WORK TASK: Only the lines from the one holding "Arts Of Graphic T-Shirt" to the end of the data should be echoed, exactly as they appear, minus the pictures.

INFORMATION PROVIDED:
- Opening Delimiter -
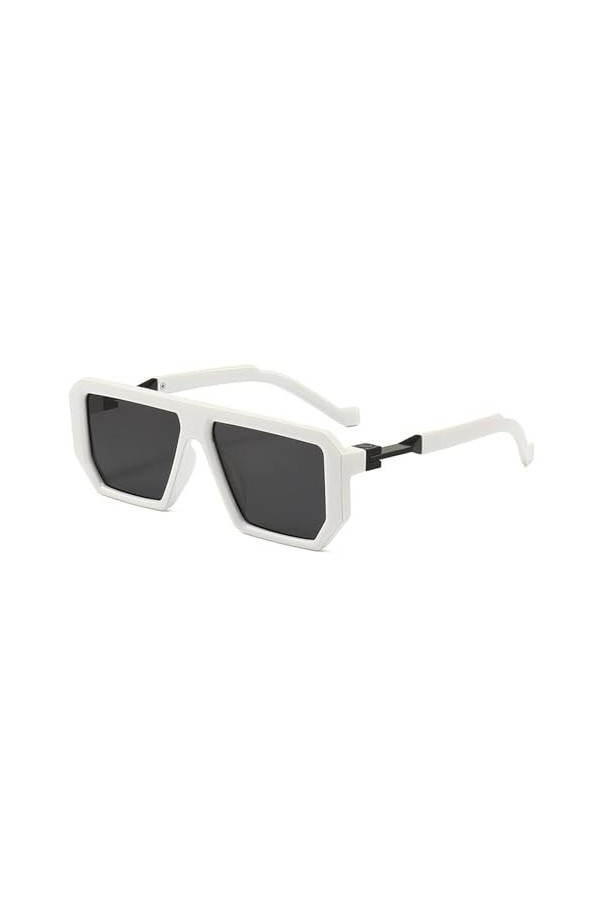 RUDELL Femme Soleil Lunettes Sunglasses Verres Polarisées Lunettes De Soleil, Femmes, Hommes, Personnalité Anti-Ultraviolette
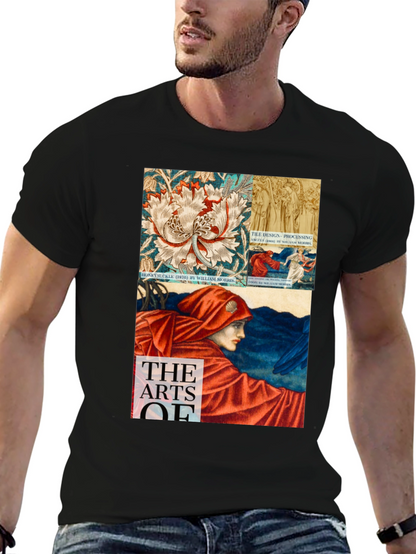 Arts Of Graphic T-Shirt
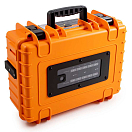 Купить B&W 5.230/O/500 Energy Case Pro500 500W Портативная Электростанция Золотистый Orange 7ft.ru в интернет магазине Семь Футов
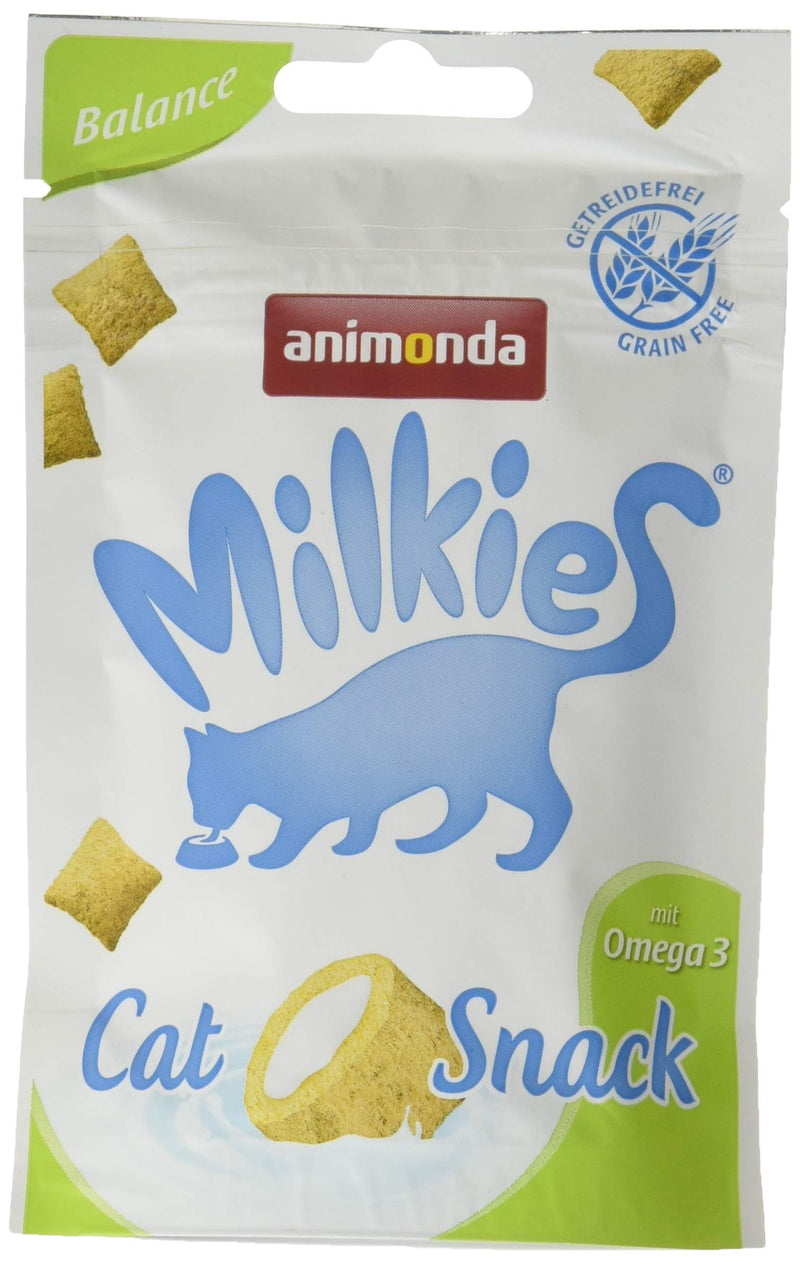 Animonda Milkies Crunchy Cat Snacks Balance 30gm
- Closing Delimiter -
TASK RESPONSE:
 Arts Of Graphic T-Shirt
 Купить B&W 5.230/O/500 Energy Case Pro500 500W Портативная Электростанция Золотистый Orange 7ft.ru в интернет магазине Семь Футов
 Animonda Milkies Crunchy Cat Snacks Balance 30gm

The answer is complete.